Seminator 2 evaluation

This repository stores scripts and data to evaluate the performance of Seminator 2. There is a docker image that is prepared to run this evaluation. It contains a copy of Seminator, Spot, Owl, GOAL, Roll, and Jupyter besides these scripts and data.

Content

We provide evaluation of Seminator performing 2 tasks:

conversion of non-deterministic generalized Büchi automata (TGBA) into semi-deterministic generalized Büchi automata (also known as limit-deterministic Büchi automata).
complementation of Büchi automata

For both tasks, we start from LTL formulas that we convert to TGBA. The reasons behind this are that (1.) LTL is a convenient formalism for describing properties, (2.) ltl2ldba can take only LTL fromulas as input and it is basically the only relevant competitor for Seminator for conversion of properties to sDBA.

Requirements

In order to reproduce the results, your machine has to fullfill several requirements that are listed below. Or, you can use the docker image which meets all the requirements.

Jupyter
ltlcross_wrapper >= 0.7.3 that is a Python wrapper around ltlcross from Spot. It works best with working LaTeX installation and tikzmagic (not required).
pandas 1.0.0+
Seminator 2 has to be installed in your PATH as seminator
Seminator 1.1 has to be installed in your PATH as seminator-1.1
Seminator 1.2 has to be installed in your PATH as seminator-1.2
Spot with Python bindings has to be installed in your PATH
Owl library version 19.06.03 has to be installed and at least the commands owl-server and owl-client has to be accessible in your PATH.
other complementation tools should ge installed in the directory coplement/other_tools:
- ROLL
- GOAL v. 20200506 with the Fribourg plugin.

Formulas

We use 2 sources of formulas: random formulas and formulas that appeared in previous benchmarks. We further divide these formulas into categories based on type of automata that Spot's ltl2tgba produces from the corresponding formula. We have 3 types:

det : ltl2tgba already creates automaton, that is deterministic
sd : ltl2tgba produces automaton, that is not deterministic, but it is already semi-deterministic
nd : ltl2tgba produces automaton that is not semi-deterministic

You can find the sets of formulas in the directory formulae and you can see how they were generated (or regenerated them) in the notebook Formulae.

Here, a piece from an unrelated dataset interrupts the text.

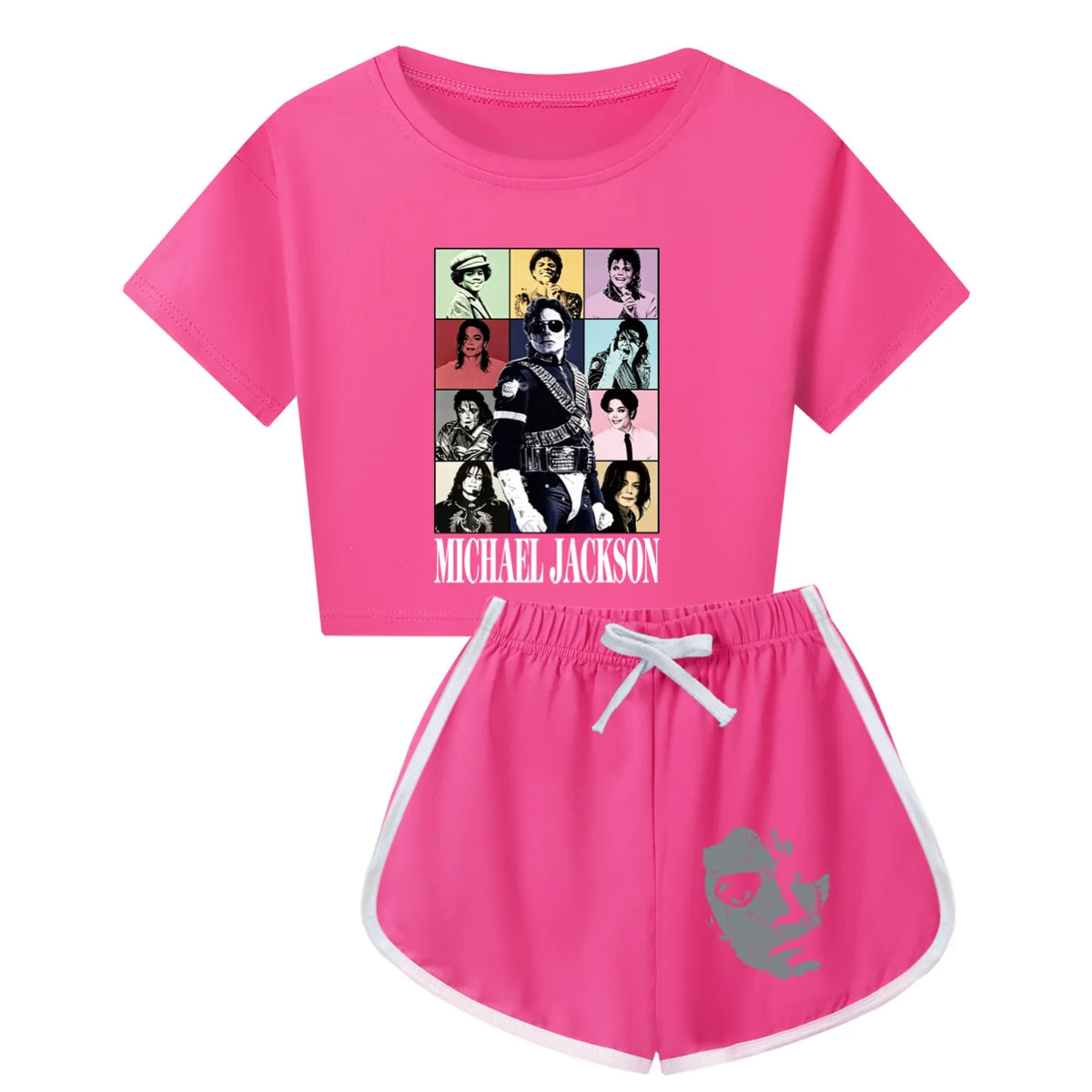 International celebrity children's short sleeved shorts and long sleeved Boy Girl Michael Jackson pajamas set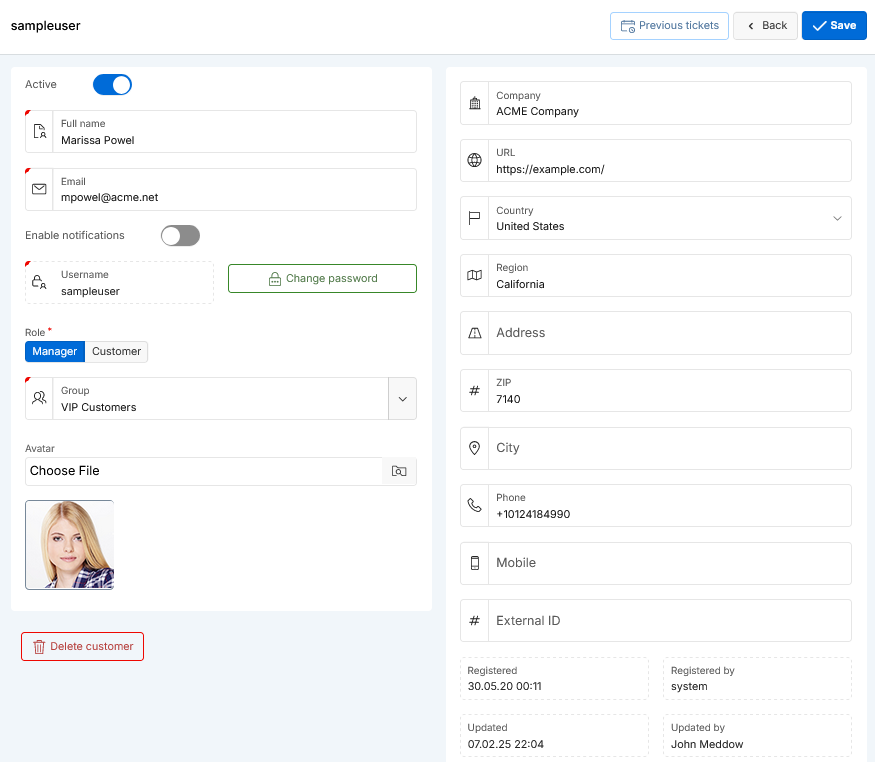 customer details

LTL to semi-deterministic automata benchmarks

The comparison compares the performance of Seminator 2 to earlier versions of Seminator (1.1, and 1.2) and to ltl2ldgba from Owl. We present only data, where Spot's simplification routines were applied to all automata, including those produced by Owl. In defaults settings, these simplification routines are used in Seminator, while are not used in Owl.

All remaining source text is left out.